Memory analysis with checkpointing:

Component Without Checkpointing With Checkpointing
Stored activations per micro-batch All layer outputs Boundary only
Memory per stage (1F1B) \(P \times L \times M_{act}\) \(P \times M_{boundary}\)
Recomputation overhead None ~33% more compute

Where: - \(L\) = layers per stage - \(M_{act}\) = activation size per layer - \(M_{boundary}\) = boundary activation size

Memory savings:

For a stage with 8 layers, checkpoint segments = 2:

\[\text{Savings} = 1 - \frac{2}{8} = \boxed{75\%}\]

Interaction with 1F1B scheduling:

  1. Timing: Backward passes take longer (recomputation overhead), but memory is freed immediately after each backward.

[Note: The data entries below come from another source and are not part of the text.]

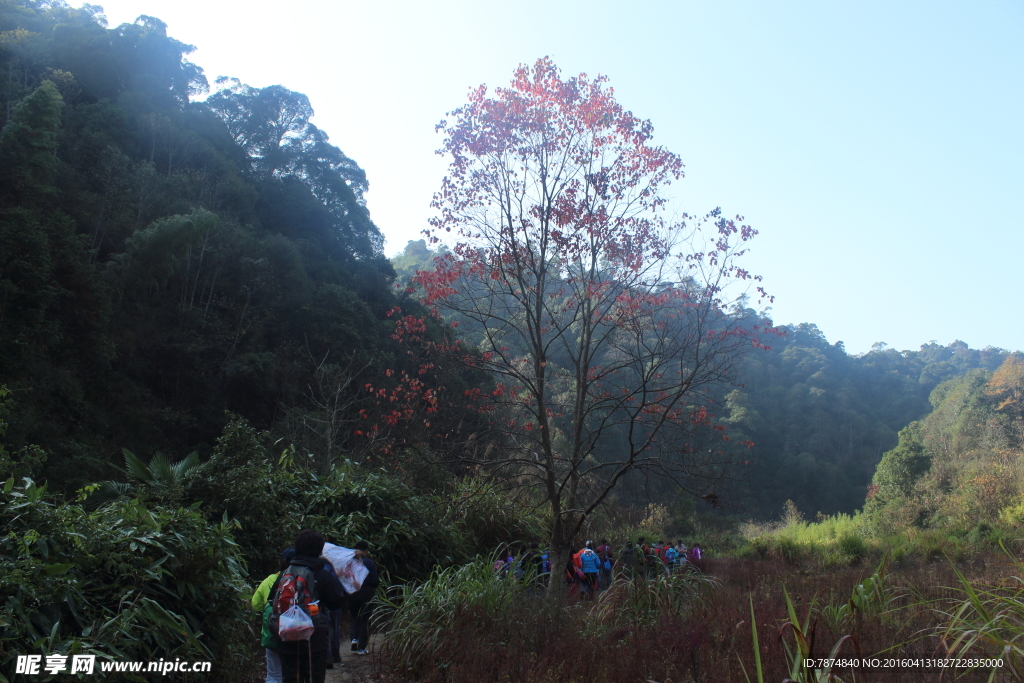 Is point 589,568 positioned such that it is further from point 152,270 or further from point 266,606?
point 152,270

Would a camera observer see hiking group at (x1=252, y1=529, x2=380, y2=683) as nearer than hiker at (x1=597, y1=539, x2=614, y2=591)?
Yes

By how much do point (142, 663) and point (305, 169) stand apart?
128 feet

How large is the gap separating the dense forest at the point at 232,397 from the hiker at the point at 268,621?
59cm

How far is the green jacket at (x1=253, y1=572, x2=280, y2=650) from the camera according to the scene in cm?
407

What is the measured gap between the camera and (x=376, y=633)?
7.40 m

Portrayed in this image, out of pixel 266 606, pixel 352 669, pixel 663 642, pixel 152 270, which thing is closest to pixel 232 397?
pixel 152 270

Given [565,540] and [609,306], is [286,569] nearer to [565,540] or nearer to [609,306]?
[565,540]

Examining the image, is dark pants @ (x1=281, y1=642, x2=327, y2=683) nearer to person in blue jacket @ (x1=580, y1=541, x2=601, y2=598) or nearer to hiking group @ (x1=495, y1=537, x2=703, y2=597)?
hiking group @ (x1=495, y1=537, x2=703, y2=597)

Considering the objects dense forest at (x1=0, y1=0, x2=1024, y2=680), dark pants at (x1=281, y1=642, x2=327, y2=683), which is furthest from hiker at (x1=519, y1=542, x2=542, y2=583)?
dark pants at (x1=281, y1=642, x2=327, y2=683)

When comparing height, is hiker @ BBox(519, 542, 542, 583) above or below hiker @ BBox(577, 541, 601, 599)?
above

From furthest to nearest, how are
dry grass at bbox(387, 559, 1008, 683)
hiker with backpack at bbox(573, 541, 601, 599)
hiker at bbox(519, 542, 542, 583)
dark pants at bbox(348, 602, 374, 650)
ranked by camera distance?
hiker with backpack at bbox(573, 541, 601, 599)
hiker at bbox(519, 542, 542, 583)
dark pants at bbox(348, 602, 374, 650)
dry grass at bbox(387, 559, 1008, 683)

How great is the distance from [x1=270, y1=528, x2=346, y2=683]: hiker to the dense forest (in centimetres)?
89

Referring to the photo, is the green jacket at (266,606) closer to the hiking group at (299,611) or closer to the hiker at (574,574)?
the hiking group at (299,611)

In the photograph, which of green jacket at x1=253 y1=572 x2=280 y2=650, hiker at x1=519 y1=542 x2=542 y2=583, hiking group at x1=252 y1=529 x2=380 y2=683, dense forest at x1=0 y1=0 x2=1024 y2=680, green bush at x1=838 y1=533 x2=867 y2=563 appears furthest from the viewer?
green bush at x1=838 y1=533 x2=867 y2=563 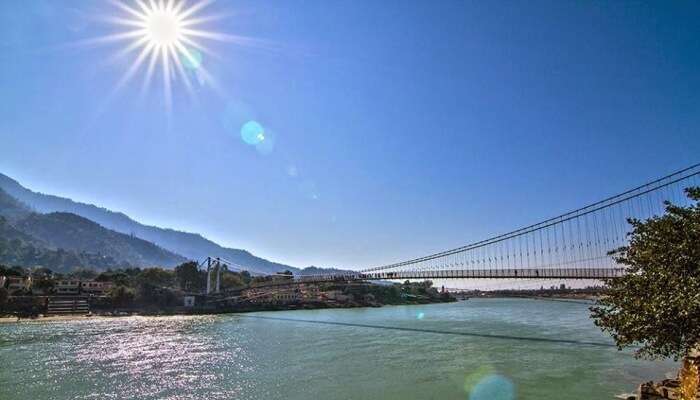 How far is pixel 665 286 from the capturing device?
42.1 feet

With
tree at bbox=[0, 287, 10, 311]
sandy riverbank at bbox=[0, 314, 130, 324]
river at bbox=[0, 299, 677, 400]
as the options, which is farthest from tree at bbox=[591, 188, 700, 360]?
tree at bbox=[0, 287, 10, 311]

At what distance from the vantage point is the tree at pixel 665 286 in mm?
12156

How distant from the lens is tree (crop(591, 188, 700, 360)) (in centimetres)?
1216

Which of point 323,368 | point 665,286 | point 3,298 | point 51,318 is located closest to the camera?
point 665,286

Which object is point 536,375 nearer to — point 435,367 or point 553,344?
point 435,367

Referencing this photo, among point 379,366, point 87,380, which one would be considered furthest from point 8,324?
point 379,366

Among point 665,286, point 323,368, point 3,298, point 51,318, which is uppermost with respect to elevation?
point 665,286

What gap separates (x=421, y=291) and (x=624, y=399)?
141779mm

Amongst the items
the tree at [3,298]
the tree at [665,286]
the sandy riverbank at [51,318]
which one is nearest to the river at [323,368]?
the tree at [665,286]

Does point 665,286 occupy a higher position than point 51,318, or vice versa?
point 665,286

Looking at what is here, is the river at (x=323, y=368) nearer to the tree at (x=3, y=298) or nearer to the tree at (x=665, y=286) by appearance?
the tree at (x=665, y=286)

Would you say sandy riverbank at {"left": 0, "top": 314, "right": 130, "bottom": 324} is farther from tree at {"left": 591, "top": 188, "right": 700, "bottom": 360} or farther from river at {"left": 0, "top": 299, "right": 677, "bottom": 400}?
tree at {"left": 591, "top": 188, "right": 700, "bottom": 360}

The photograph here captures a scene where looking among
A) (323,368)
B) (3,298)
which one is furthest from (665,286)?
(3,298)

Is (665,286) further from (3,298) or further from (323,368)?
(3,298) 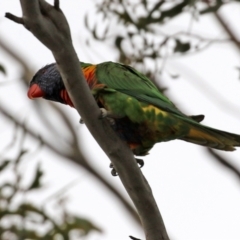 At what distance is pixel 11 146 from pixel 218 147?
3.99 ft

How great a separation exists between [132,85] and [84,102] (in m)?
0.73

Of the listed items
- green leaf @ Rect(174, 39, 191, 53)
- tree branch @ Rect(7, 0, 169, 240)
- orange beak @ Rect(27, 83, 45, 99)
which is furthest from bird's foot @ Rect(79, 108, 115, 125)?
green leaf @ Rect(174, 39, 191, 53)

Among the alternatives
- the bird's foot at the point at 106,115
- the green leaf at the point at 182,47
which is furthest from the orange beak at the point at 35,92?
the green leaf at the point at 182,47

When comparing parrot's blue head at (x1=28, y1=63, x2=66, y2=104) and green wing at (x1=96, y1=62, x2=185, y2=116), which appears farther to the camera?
parrot's blue head at (x1=28, y1=63, x2=66, y2=104)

  2. Peak memory: Still bounded by \(P\) micro-batches (1F1B property), but each micro-batch uses less memory.

  3. Combined savings:

  4. 1F1B: Reduces from \(m\) to \(P\) activations
  5. Checkpointing: Reduces each activation by \((1 - 1/\text{segments})\)
  6. Total: \(P \times \frac{1}{\text{segments}} \times M_{act}\)

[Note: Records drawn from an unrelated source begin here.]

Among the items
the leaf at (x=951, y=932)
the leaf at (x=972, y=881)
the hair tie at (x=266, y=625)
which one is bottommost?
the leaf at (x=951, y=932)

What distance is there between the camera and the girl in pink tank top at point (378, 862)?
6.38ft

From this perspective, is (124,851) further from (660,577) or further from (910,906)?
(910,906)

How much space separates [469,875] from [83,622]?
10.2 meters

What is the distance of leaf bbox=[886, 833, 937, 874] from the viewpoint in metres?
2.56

Example: \(m = 32\), \(P = 4\), 4 checkpoint segments:

Schedule Peak Memory
GPipe (no ckpt) \(32 \times M_{full}\)
GPipe (ckpt) \(32 \times \frac{M_{full}}{4}\)
1F1B (no ckpt) \(4 \times M_{full}\)
1F1B (ckpt) \(4 \times \frac{M_{full}}{4} = M_{full}\)

Trade-off summary:

Aspect Effect
Memory Reduced by factor of checkpoint segments
Compute Increased by ~33% (one extra forward per backward)
Bubble fraction Unchanged (same scheduling)
Implementation complexity Higher (must handle recomputation)

Knobs and Trade-offs

Knob Primary Effect Cost
Pipeline stages (P) Fits larger models More bubbles and activation traffic
Micro-batches (m) Reduces bubbles Increases activation memory
Schedule (1F1B, interleaved) Better utilization More orchestration complexity
Recomputation Lowers activation memory Adds compute overhead

Key Takeaways

  1. Separability enables pipelining: Sequential composition \(f_L \circ \cdots \circ f_1\) naturally parallelizes.

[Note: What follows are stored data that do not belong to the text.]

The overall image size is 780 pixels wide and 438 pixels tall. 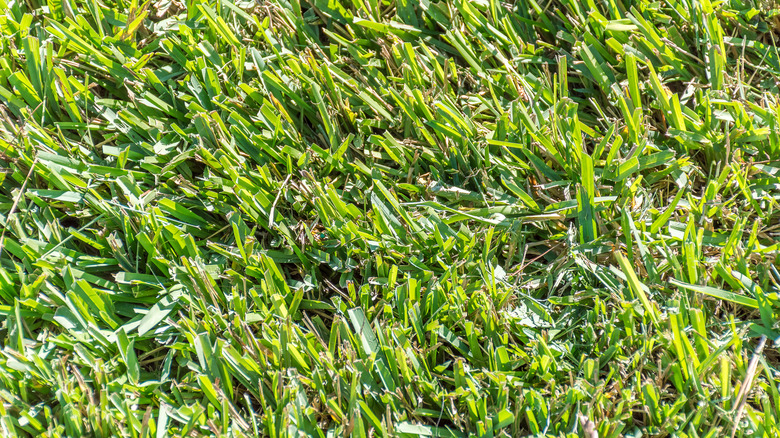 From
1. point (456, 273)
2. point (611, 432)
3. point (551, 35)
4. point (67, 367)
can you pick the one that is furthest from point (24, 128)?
point (611, 432)

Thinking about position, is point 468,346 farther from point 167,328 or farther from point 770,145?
point 770,145

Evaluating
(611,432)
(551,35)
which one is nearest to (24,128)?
(551,35)

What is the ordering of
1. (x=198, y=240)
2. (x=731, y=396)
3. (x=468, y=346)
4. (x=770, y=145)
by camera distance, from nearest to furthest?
(x=731, y=396), (x=468, y=346), (x=770, y=145), (x=198, y=240)

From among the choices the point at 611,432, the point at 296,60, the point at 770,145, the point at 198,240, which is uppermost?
the point at 296,60

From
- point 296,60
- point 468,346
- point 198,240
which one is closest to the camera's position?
point 468,346

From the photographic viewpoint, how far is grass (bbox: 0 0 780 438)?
5.13ft

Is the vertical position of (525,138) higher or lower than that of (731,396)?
higher

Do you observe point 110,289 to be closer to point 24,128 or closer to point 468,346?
point 24,128

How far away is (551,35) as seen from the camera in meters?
2.15

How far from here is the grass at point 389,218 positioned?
5.13 ft

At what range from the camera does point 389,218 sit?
71.4 inches

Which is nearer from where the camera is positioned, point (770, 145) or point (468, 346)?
point (468, 346)

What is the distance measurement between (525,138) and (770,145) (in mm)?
671

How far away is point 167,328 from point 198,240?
29cm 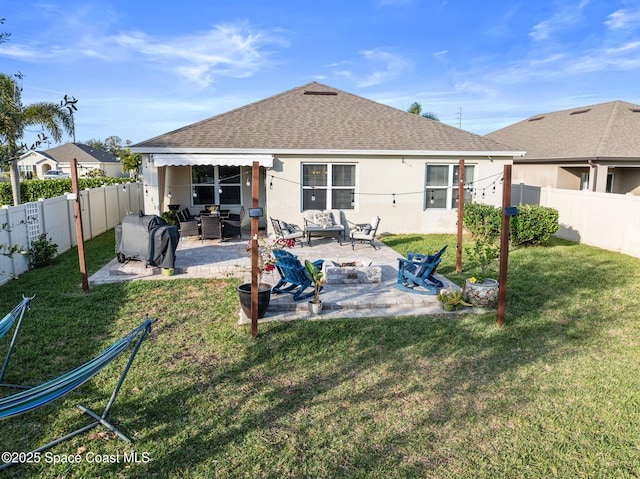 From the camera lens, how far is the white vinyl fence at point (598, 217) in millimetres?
13172

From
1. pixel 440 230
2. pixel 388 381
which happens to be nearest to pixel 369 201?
pixel 440 230

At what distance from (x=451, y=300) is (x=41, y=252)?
10.4m

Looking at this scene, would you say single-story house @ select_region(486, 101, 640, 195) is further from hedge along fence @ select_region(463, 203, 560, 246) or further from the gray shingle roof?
the gray shingle roof

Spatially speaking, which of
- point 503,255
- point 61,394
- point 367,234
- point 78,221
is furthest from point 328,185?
point 61,394

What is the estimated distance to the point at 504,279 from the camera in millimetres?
7410

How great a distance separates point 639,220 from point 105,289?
14.9 metres

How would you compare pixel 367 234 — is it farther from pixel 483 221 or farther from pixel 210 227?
pixel 210 227

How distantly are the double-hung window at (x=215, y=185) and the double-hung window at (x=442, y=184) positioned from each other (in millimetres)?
7657

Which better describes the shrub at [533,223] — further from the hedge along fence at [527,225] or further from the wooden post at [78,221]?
the wooden post at [78,221]

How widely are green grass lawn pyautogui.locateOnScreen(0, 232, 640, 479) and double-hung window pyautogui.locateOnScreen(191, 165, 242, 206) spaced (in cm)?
911

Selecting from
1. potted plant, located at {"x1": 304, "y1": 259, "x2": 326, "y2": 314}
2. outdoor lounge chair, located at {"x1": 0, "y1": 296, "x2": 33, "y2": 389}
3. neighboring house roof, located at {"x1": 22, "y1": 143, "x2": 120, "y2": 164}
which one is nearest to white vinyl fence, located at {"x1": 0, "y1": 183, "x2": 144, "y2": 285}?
outdoor lounge chair, located at {"x1": 0, "y1": 296, "x2": 33, "y2": 389}

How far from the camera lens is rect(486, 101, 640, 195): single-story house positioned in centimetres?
1911

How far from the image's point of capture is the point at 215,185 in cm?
1764

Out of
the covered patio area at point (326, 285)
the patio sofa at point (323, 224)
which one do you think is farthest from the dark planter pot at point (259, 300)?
the patio sofa at point (323, 224) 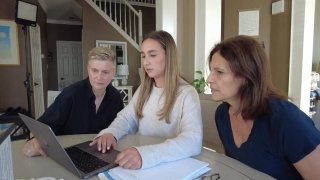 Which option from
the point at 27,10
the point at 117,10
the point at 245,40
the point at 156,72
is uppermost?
the point at 117,10

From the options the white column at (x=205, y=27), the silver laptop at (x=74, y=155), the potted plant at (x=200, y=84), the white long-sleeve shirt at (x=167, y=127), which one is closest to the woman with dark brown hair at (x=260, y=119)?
the white long-sleeve shirt at (x=167, y=127)

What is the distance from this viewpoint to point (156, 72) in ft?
4.36

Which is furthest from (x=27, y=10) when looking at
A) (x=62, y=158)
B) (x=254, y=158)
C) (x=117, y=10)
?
(x=254, y=158)

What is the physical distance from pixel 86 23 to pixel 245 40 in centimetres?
546

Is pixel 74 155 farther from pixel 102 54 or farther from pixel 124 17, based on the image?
pixel 124 17

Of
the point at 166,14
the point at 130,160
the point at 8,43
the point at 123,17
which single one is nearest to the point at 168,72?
the point at 130,160

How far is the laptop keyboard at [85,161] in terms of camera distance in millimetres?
915

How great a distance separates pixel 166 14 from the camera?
3.01 m

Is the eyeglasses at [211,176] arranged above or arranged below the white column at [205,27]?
below

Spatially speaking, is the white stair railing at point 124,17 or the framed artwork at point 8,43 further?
the white stair railing at point 124,17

  2. Bubbles are the cost: Pipeline parallelism trades compute efficiency for model parallelism.

  3. Micro-batching reduces bubbles: Bubble fraction = \((P-1)/(P-1+m)\).

  4. 1F1B limits memory: Peak activations \(O(P)\) instead of \(O(m)\).

  5. Zero-bubble is achievable: Splitting backward into \(B_h\) and \(B_W\) fills bubbles.

  6. Load balance matters: Unequal stages amplify bubbles.

  7. Communication is cheap: Point-to-point activation transfer is less than AllReduce gradient sync.

  8. Scale with care: Efficiency \(m/(m+P-1)\) decreases as \(P\) grows; need proportionally more micro-batches.